Provided information below:
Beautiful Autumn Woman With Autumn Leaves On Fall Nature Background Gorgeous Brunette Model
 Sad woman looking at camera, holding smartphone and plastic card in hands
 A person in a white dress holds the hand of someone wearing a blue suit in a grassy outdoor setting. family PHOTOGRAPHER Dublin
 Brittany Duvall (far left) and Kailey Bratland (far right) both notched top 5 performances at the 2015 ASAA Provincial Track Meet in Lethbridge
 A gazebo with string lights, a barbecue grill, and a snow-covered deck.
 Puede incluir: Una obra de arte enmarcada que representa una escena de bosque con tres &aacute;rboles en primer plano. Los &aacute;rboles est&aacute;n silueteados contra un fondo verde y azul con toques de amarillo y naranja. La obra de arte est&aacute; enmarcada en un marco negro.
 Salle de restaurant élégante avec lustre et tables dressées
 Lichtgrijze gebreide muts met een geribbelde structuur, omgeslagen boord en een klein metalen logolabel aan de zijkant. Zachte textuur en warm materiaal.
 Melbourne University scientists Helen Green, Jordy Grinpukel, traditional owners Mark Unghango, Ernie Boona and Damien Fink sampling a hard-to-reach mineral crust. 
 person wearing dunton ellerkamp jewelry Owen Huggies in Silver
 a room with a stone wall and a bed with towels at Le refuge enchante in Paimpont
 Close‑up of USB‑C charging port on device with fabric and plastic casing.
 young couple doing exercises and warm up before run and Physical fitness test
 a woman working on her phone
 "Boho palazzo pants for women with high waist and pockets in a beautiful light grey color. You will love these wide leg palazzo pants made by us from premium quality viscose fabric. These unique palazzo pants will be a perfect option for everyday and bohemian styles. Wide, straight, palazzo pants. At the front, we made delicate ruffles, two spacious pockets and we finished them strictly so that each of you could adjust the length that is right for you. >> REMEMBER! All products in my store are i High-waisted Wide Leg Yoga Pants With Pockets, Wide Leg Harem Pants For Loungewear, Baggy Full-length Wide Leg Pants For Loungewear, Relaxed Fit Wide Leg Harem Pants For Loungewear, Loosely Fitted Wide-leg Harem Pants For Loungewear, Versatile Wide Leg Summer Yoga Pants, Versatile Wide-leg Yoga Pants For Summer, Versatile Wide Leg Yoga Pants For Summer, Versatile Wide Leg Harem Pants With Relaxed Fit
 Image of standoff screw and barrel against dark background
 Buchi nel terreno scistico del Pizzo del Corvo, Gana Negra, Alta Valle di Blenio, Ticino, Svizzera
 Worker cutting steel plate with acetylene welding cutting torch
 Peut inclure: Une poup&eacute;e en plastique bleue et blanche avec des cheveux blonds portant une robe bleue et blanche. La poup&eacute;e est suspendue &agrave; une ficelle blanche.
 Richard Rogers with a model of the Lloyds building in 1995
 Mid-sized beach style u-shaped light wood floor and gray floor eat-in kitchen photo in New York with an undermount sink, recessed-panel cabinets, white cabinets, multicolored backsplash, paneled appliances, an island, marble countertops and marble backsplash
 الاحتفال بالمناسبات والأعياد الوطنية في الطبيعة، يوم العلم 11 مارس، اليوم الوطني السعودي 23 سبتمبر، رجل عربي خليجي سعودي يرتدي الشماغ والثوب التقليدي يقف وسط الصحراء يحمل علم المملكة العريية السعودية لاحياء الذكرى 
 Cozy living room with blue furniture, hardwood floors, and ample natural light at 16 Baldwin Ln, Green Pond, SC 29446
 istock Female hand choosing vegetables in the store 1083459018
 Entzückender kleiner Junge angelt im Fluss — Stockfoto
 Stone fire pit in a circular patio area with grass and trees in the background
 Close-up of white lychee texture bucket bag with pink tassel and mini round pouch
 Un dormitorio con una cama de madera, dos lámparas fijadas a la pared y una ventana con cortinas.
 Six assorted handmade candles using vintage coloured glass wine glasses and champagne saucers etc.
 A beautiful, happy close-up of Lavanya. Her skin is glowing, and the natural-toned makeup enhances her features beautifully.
End of Provided information.
## [Exercise prompt]
For the lines above, output exactly those from the line containing "Sad woman looking" through the line containing "A gazebo with", and skip the others.

## [Output below]
 Sad woman looking at camera, holding smartphone and plastic card in hands
 A person in a white dress holds the hand of someone wearing a blue suit in a grassy outdoor setting. family PHOTOGRAPHER Dublin
 Brittany Duvall (far left) and Kailey Bratland (far right) both notched top 5 performances at the 2015 ASAA Provincial Track Meet in Lethbridge
 A gazebo with string lights, a barbecue grill, and a snow-covered deck.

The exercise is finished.